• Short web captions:
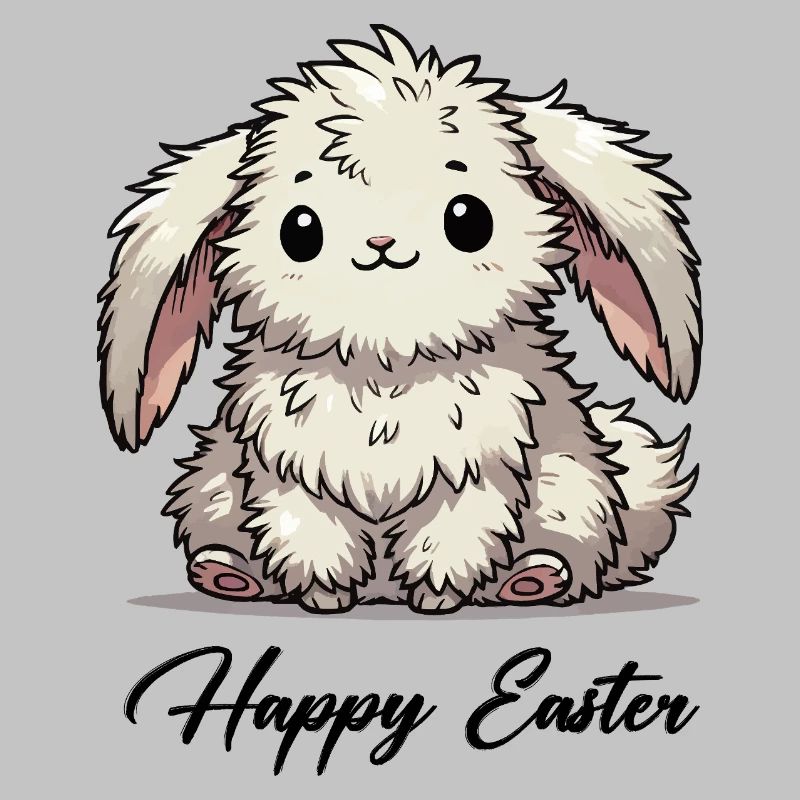 Bunny Comic Animal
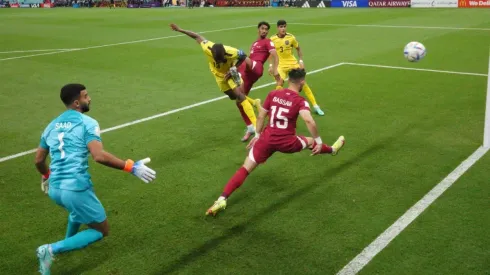 Enner Valencia of Ecuador
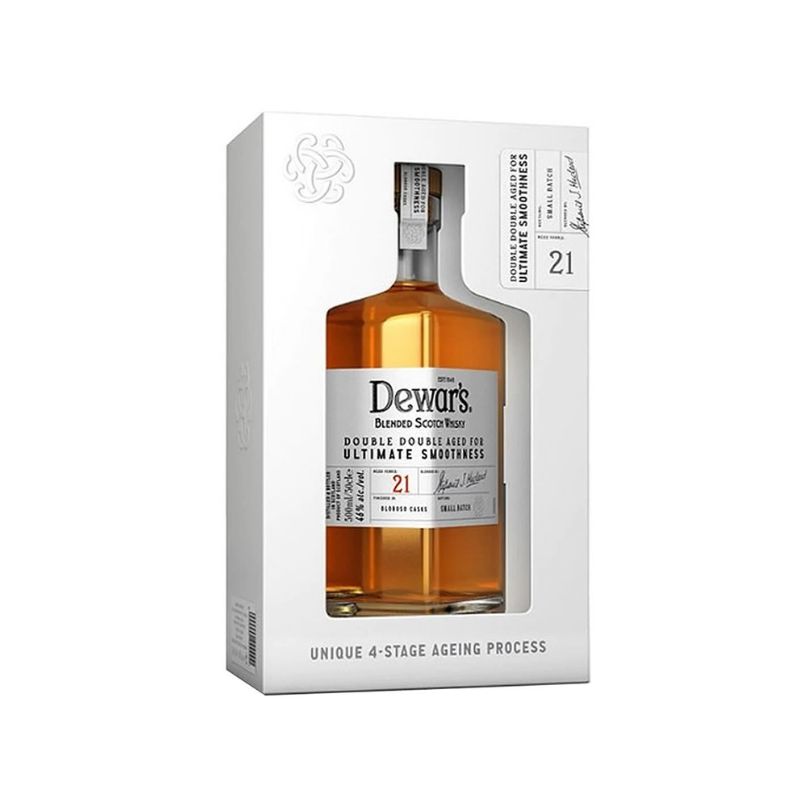 Whisky Dewar's 21 años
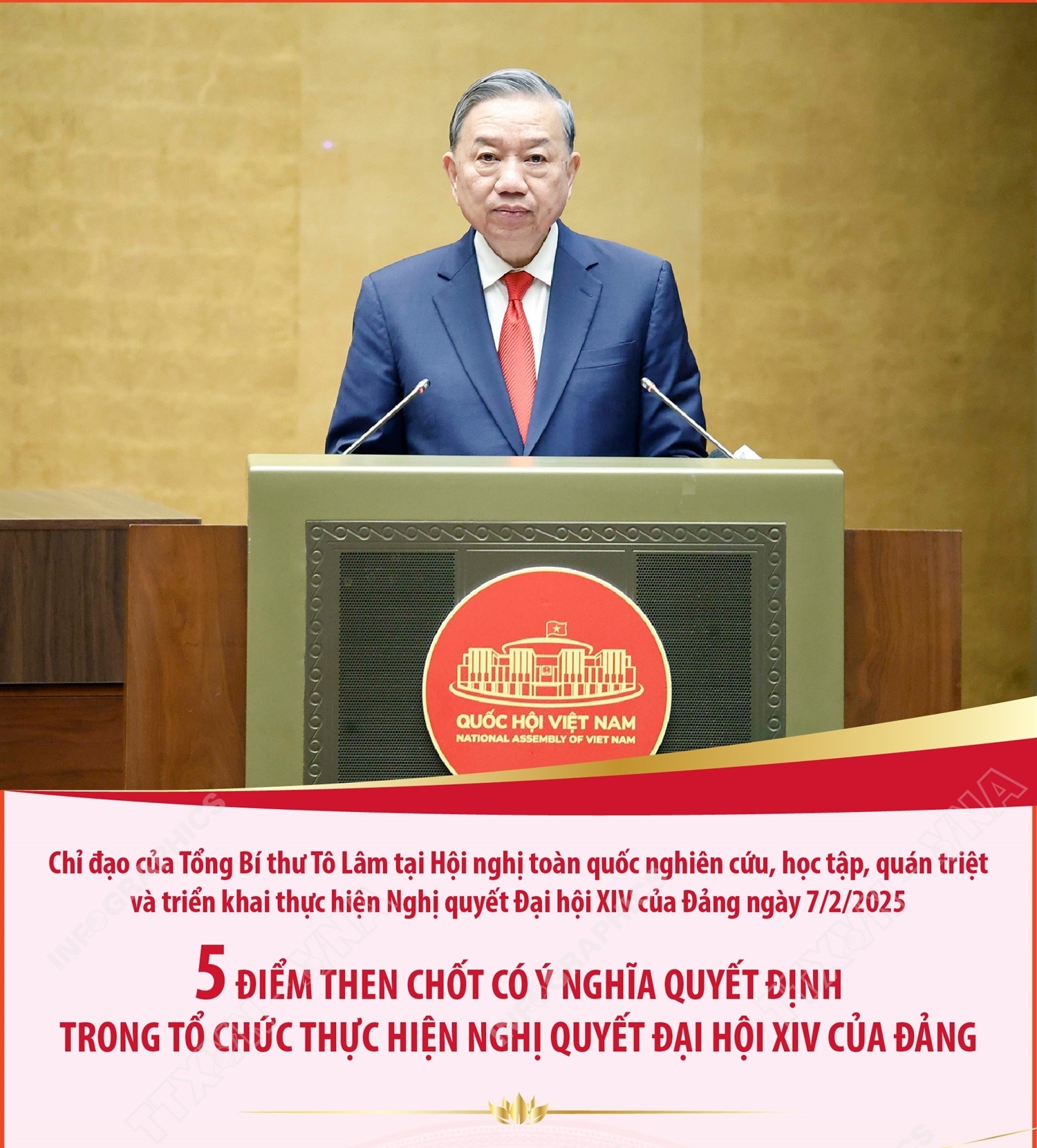 5 điểm then chốt có ý nghĩa quyết định trong tổ chức thực hiện Nghị...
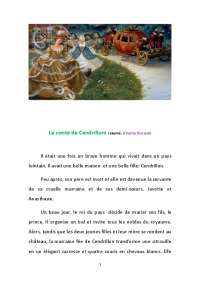 Cendrillon De Joel Pommerat Docsity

• Task: Transcribe every entry exactly, omitting pictures.

• Answer box:
 Bunny Comic Animal
 Enner Valencia of Ecuador
 Whisky Dewar's 21 años
 5 điểm then chốt có ý nghĩa quyết định trong tổ chức thực hiện Nghị...
 Cendrillon De Joel Pommerat Docsity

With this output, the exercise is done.